Saturday, 8 November 2014

Angel with Drumsticks

I am thrilled to update this post to say that the book is now available in print through Amazon

***** 


I am taking the liberty of posting reviews I have received for my own book, Angel with Drumsticks.

I am honoured that all three reviews have rated the story 5 stars and they have been posted by authors whose work I have enjoyed.

Here are their kind words about Angel with Drumsticks.






Fascinating Story Of A Music Dream Gone Wrong By Dorothy Johnston



Angel With Drumsticks tells the absorbing story of a group of talented young musicians in the1960s who were squashed by the Vatican.



I admit that, before reading Angel With Drumsticks I had never heard of the ‘Rock Mass’, ‘Beat Mass’, or ‘Mass for the Young’ as it was variously called.
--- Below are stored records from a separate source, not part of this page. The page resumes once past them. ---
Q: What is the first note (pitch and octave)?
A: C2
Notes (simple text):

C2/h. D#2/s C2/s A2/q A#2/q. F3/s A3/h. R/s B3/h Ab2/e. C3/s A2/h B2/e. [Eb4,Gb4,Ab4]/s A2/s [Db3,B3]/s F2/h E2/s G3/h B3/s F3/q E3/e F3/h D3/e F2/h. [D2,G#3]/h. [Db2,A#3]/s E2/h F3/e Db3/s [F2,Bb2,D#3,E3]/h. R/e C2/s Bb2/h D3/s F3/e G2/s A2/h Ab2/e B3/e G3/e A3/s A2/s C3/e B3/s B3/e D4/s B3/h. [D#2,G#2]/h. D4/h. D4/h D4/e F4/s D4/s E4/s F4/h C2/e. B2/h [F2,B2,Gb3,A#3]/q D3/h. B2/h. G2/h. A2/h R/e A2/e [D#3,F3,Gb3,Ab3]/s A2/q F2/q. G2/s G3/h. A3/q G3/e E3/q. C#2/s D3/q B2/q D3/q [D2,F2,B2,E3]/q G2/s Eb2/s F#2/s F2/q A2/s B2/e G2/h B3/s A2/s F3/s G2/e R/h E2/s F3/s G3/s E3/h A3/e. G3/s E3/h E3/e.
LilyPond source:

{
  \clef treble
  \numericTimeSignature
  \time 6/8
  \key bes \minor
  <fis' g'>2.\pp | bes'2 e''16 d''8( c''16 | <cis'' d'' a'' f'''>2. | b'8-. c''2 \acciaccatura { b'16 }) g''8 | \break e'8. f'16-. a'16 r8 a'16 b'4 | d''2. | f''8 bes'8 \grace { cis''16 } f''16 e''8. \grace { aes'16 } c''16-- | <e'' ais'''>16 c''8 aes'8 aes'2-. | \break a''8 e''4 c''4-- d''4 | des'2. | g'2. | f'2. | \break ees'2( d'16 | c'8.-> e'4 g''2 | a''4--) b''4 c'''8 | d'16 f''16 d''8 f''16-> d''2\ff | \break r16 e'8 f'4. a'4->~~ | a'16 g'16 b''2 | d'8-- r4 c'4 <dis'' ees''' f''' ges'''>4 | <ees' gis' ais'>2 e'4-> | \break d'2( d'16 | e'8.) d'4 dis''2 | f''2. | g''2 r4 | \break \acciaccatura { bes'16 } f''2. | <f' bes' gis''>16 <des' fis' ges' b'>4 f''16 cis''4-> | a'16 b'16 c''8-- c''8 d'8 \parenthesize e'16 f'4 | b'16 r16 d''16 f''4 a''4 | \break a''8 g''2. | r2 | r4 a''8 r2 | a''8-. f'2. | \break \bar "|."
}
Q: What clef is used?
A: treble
I had never thought of Italian bands experimenting and working hard to develop an ‘Italian beat’, influenced by the Beatles, but certainly no carbon copy of them.



This was the dream of Angelo Ferrari and the teenage boys who joined him to write and practice songs and hope for performing breaks. They called themselves ‘Angel and the Brains’. As Pamela King says in her preface, they were ‘good Catholic boys who responded to an invitation from a church representative to fulfil the new desires of Vatican 11 to be more appealing to young people.’



The Mass, performed in a church, and including two groups besides Angelo’s – the Bumpers and the Barrittas - was phenomenally successful in attracting a young audience; but the response of the Vatican hierarchy was as swift as it was unexpected. The band members were excommunicated (though the order was later rescinded). A proposed tour, including playing at the Albert Hall, was cancelled, all sponsors and venues pulling out simultaneously; the small company, Ariel, which had recorded the Mass went broke, and the three bands suddenly discovered that they could not even get gigs in small Italian towns. Those priests who had supported the Mass were moved to remote postings.



‘Angel and the Brains’ played in Tunisia for a while before breaking up, and Angelo’s promising musical career was finished.



King has interviewed Angelo, who emigrated to Australia, and quotes his own thoughts and feelings, still vivid after nearly fifty years. King has interviewed Angelo, who emigrated to Australia, and quotes his own thoughts and feelings, still vivid after nearly fifty years. Angel With Drumsticks contains some fascinating photographs and newspaper articles, providing insights into the furore over the rock mass and the way the controversy has continued to re-surface over the years. It is a balanced account and at the same time a very personal one. The force and speed of the Vatican crackdown, when the bands believed the church had initiated the experiment in an endeavour to attract young people, remains a mystery. I highly recommend this book.



Fascinating By Jenny Hayworth

Fascinating account of a band that became a phenomenon in Italy and were poised for worldwide tour and promotion when it appears the Vatican (who had asked the young men to perform music for a mass in the first instance ) suddenly caused every country to pull out of the tour due to internal debate and pressure around the use of "beat" music. In the meantime careers and young lives were destroyed with repercussions echoing 50 years later. Although the book is not written "against" the church the reader can clearly see the great injustice done to all these young men who had only ever followed what they had been asked to do. This book should be heavily promoted in Italy and for anyone who is interested in a memoir outlining a fascinating event and the devastating impact a church can have on individuals that the church has never apologised for or at the very least acknowledge the wrongfulness of their actions. An engaging read for music lovers also.



Vatican vs 60s band By Book Lover24

A short interesting read that typifies the struggle of the 60s between youthful freedom and the establishment. In this case the mere mention of the parties involved, a pop (later rock) band and the Vatican, will arouse the reader’s curiosity.



The many photographs interspersed within the text nicely depict the ambience of the ‘beat’ movement in Rome at that time and the main protagonist, the band Angel and the Brains. Those who remember this group should definitely read this chronicle of the injustices inflicted upon them by the Catholic Church.